Ingredients
Scale
- 1 cup unsalted butter, softened to room temp
- 1 cup granulated sugar
- ½ cup light brown sugar, firmly packed
- 2 large eggs, warmed to room temperature
- 1 teaspoon pure vanilla extract
- 1 teaspoon coconut extract (optional but tasty)
- 2 ¾ cups all-purpose flour
- 1 teaspoon baking soda
- 1 teaspoon cream of tartar
- ½ teaspoon fine sea salt
- 1½ cups sweetened shredded coconut, divided (reserve about ⅓ cup for topping)
Instructions
- Set the oven to 350°F (175°C). Line baking trays with parchment or silicone liners.

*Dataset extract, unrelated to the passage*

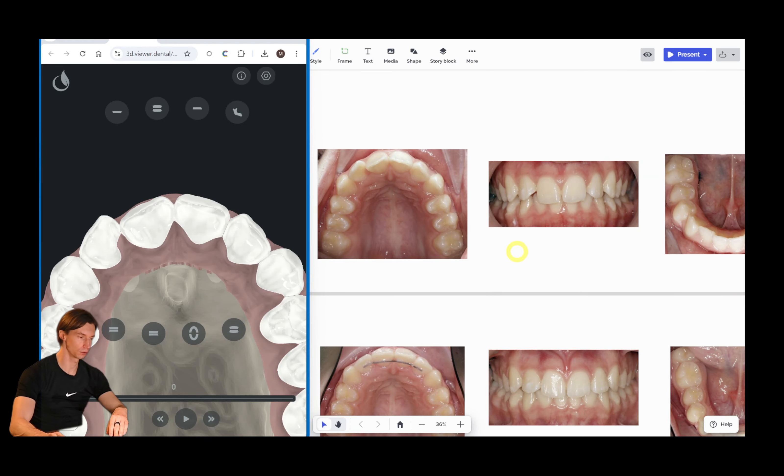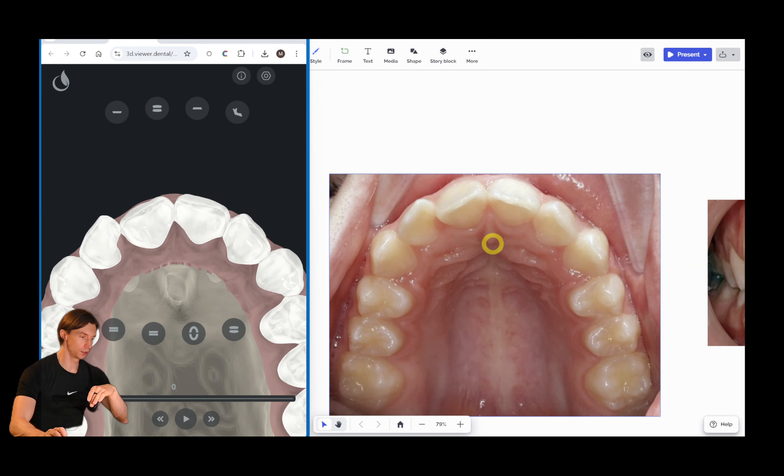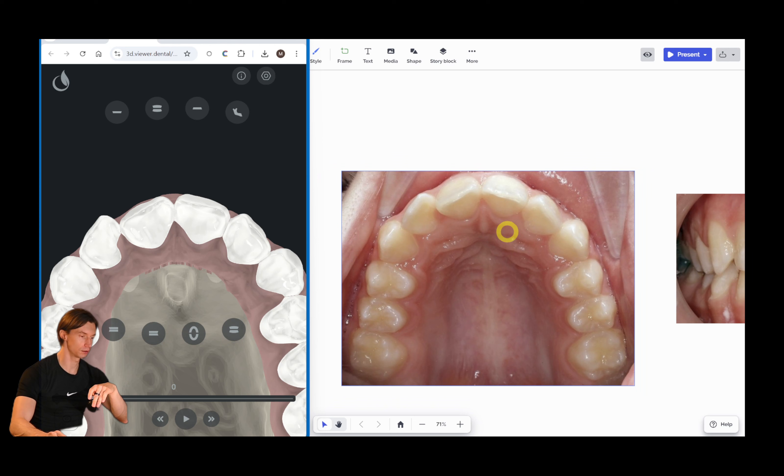Let's study another case which was finished by the doctors I work with, printed in my lab, and designed by me. This is the initial position of the teeth, and let's see how the setup looks.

- In a mixing bowl, cream the softened butter with both sugars until the mixture looks pale and airy — about 2 minutes with a mixer (or a little longer by hand).
- Add the vanilla and coconut extracts, then beat in the eggs one at a time until everything is smooth and combined. Scrape down the sides of the bowl as needed.

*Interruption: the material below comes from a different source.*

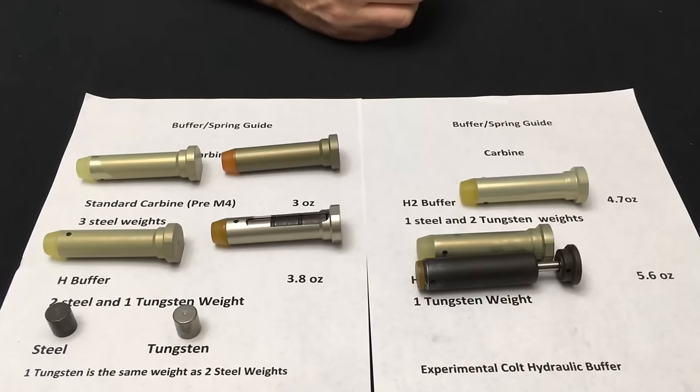Here's how you identify carbine buffers: the unmarked is the standard carbine buffer with three steel weights. 'H' means two steel and one tungsten. 'H2' means one steel and two tungsten. 'H3' is three tungsten.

- Whisk together the flour, baking soda, cream of tartar, and salt in a separate bowl.
- Slowly fold the dry mix into the butter mixture on low speed (or gradually stir by hand) until no streaks of flour remain.
- Fold in most of the shredded coconut, saving roughly ⅓ cup for sprinkling on top of the dough mounds.
- Scoop heaping 2-tablespoon portions of dough onto the prepared pans, leaving about 2 inches between each. Press the reserved coconut onto the tops.
- Bake for 9–10 minutes, until the edges turn lightly golden and the coconut on top looks toasted. The centers should still be soft.
- Remove from the oven and transfer cookies to a rack to cool completely — they’ll firm up as they rest.